Shelley, Mary Wollstonecraft, 1797-1851. Frankenstein, Or, The Modern Prometheus : the 1818 Text. Oxford; New York: Oxford University Press, 1998.
Frankenstein is a very important story to me. The first science fiction novel I ever read and quite possibly, one of the first science fiction novels ever written. It tells a remarkable story about the relationship between the creator and the created. I often find myself drawing parallels to this relationship and the one I have with my own work. Am I creating monsters? (If you haven’t seen The National Theatres version of the play, you really should.)
Le Guin, K.Ursula. The Carrier Bag Theory of Fiction. 1986.
“We’ve heard it, we’ve all heard all about all the sticks and spears and swords, the things to bash and poke and hit with, the long, hard things, but we have not heard about the things to put things in, the container for the thing contained. That is a new story. That is news.”
I need to read more Ursula Le Guin. I love the way she writes. I like the way she asks us to shift our thinking and consider a new history—a less violent, more human history by appealing to our own humanity.
Hardyment, Christina. Novel Houses: Twenty Famous Fictional Dwellings. Bodleian Library, 2019.
Novel Houses explores fictional dwellings from twenty works of English and American fiction. A friend recommended this book as inspiration to consider alternative ways of storytelling and developing narratives. I have been researching creative methods for writing about space and non-human perspectives.
Bogost, Ian. Alien Phenomenology or What It’s Like to Be a Thing. University of Minnesota Press, 2012.
I was introduced to Ian Bogost’s Alien Phenomenology by Anastasiia Rainer in her course “Design in the Posthuman Age”. I hadn’t yet been introduced to the idea of shifting perspectives from human (or my own) to a non-human/alternative perspective. I am interested in the object-oriented ontology that suggests that all things are at the center of being and that nothing is less or valuable than the other. That all things exist in equal importance. I try to remind myself of this in the design process and in my writing. I want to be inclusive or at least aware of other perspectives outside my own.
Nagel, Thomas. What Is It Like to Be a Bat? The Philosophical Review, Vol. 83, No. 4, 1974.
After reading Ian Bogost’s, Alien Phenomenology or What It’s Like to Be a Thing, I read this piece by Thomas Nagel. I was asked to form a piece of writing about what it would be like to be the smell of grass. In the text, Nagel highlights that it’s impossible to know how a non-human feels or functions. I can merely project my own consciousness to create a fictional idea of what it might be like based on my own experience.
Dunne, Anthony, and Fiona Raby. Speculative everything : design, fiction, and social dreaming. Cambridge, Massachusetts:The MIT Press, 2013.
Speculative design frameworks have become important to my design practice and I am often revisiting Dunne and Raby to remind myself of possible levels of speculation and modes of making for speculative simulations.
Avanessian, Armen and Andreas Töpfer. Speculative Drawing: 2011–2014. Berlin: Sternberg Press, 2014.
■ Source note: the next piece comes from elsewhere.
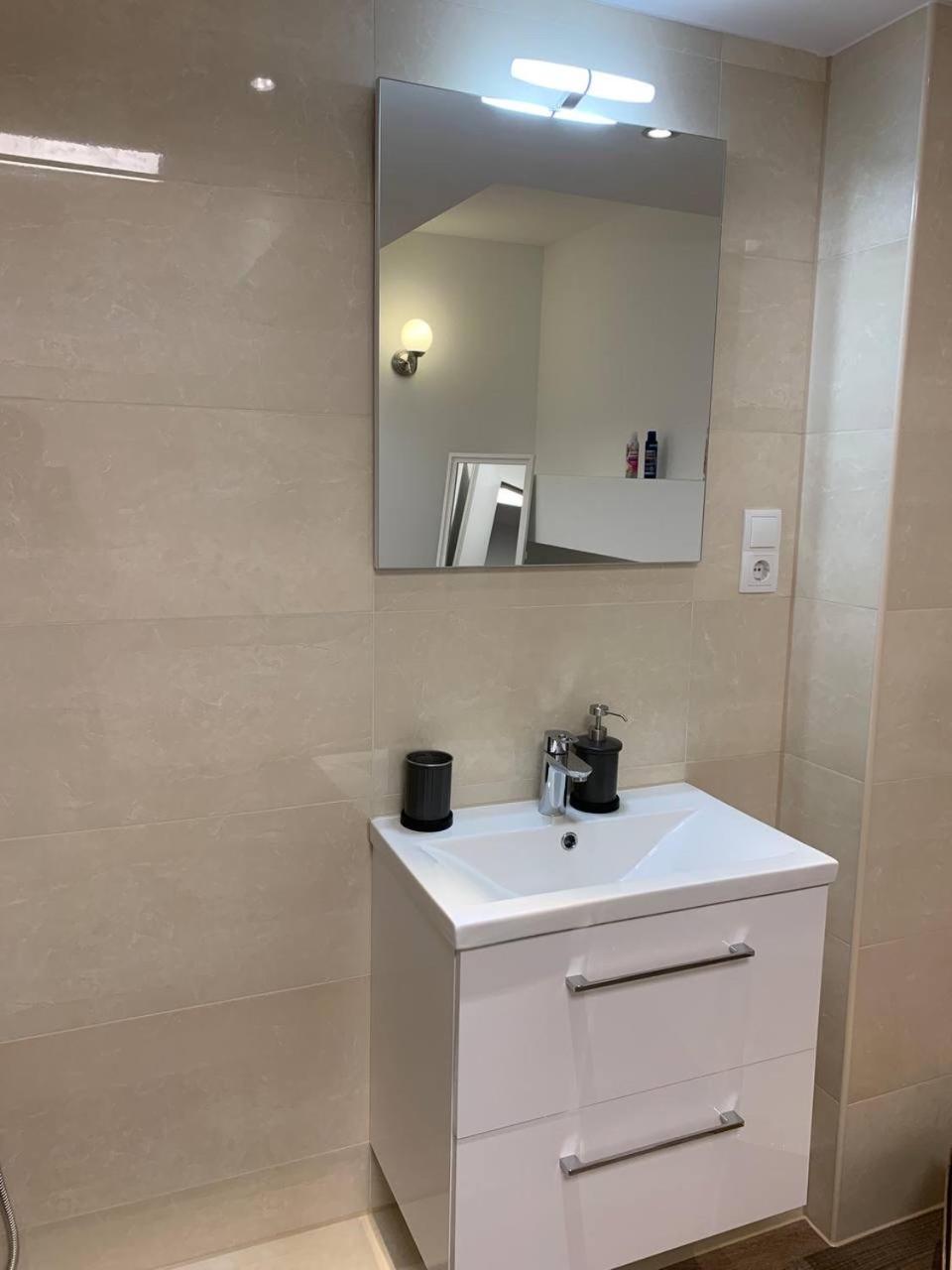 קלן Central Private Rooms In Popular Neighborhood! מראה חיצוני תמונה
I have found it a struggle to find ways to put down some of my more abstract thoughts on paper. Particularly in sketch or graphic forms. This book is something I use to start generating form when I’m stuck on an idea. There are a million ways to show an idea but it takes practice and skill to be able to think laterally.
Norman, Don. The Design of Everyday Things. New York: Basic Books, 2013.
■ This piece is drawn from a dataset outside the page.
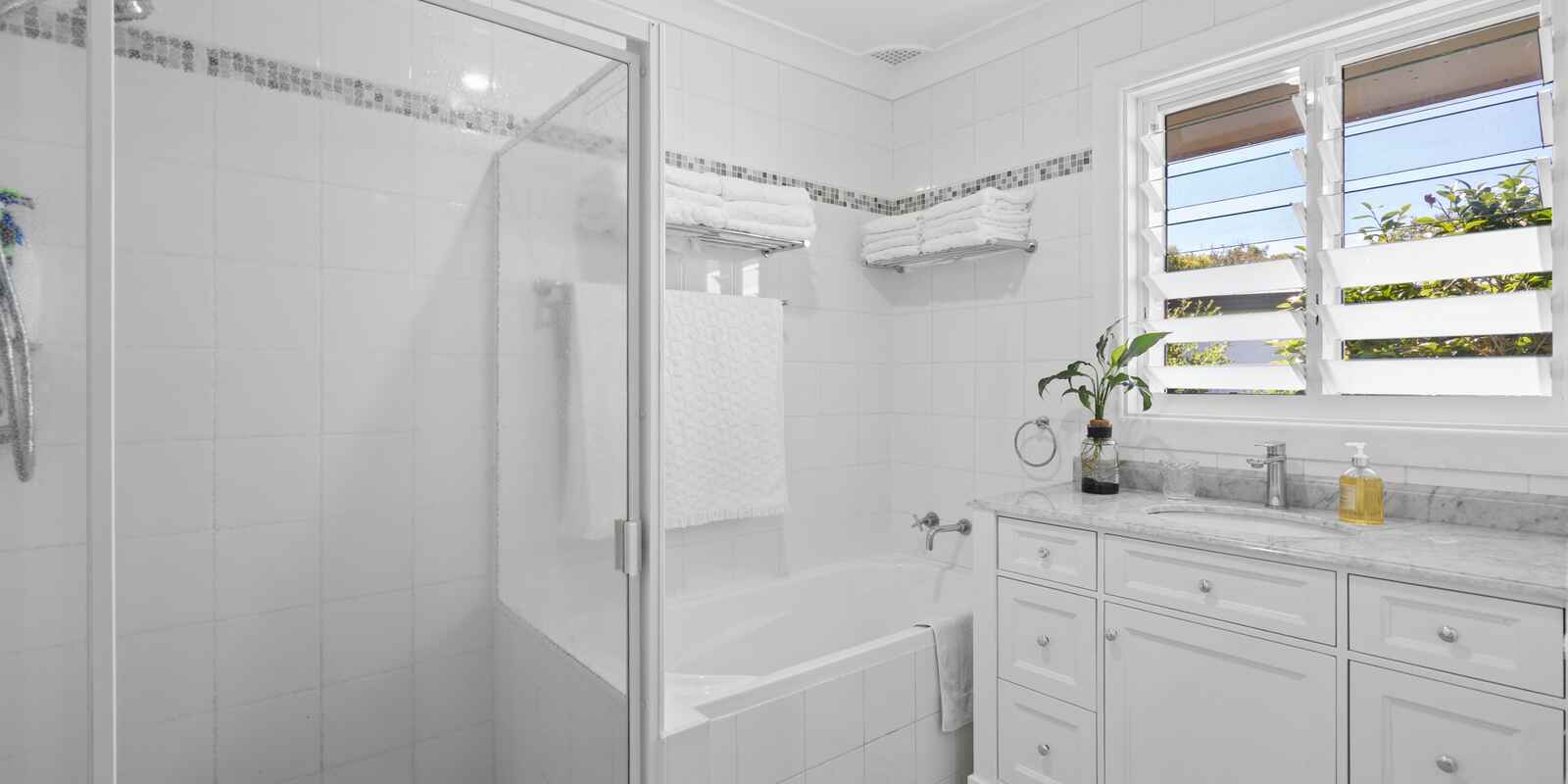 103 Natuna Avenue Budgewoi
This book has taught me how to be a better designer and how to “look” at design. He taught me that design is the communication between things and their “users” (not that I like the use of that word) who will ultimately interact with them. Norman teaches us how to best construct communication to enhance experience.
Sheller, Mimi. Mobility Justice: The Politics of Movement in an Age of Extremes. Verso, 2018.
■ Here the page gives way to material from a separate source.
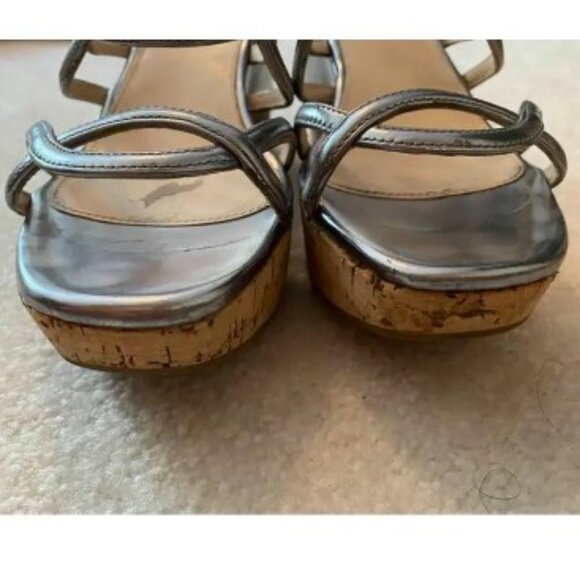 Prada leather silver wedged sandals - Picture 9 of 9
This Spring semester, I was involved in a collaborative project about the future of mobility with industry partner, Hyundai. After watching Hyundai’s vision videos for their future plans, we were all concerned about the ethical issues that would arise from their approach. Wanting to know more about mobility justice, our faculty leader, Anastasiia Rainer recommended this work by Mimi Sheller, a professor of sociology in the Department of Culture and Communication, and the founding Director of the New Mobilities Research and Policy Center at Drexel University in Philadelphia. Inspired by Sheller, we created a speculative scenario which would explore a micro, meso and macro way of tackling the Wicked problem of mobility justice.
Lowenhaupt Tsing, Anna. Mushroom at The End of The World. Princeton University Press, 2015.
How can we collaborate with our environment and multispecies landscapes to preserve life on earth? This is a question that is proving near impossible to solve. We know how to mimic nature and design “inspired by nature” but actually working together with nature in collaboration is a complex task. Mushroom at The End of The World shows us the resilience of nature in the face of human destruction. This book has inspired projects of mine this year to consider working with natural processes and alternatives to what is most easily accessible to me.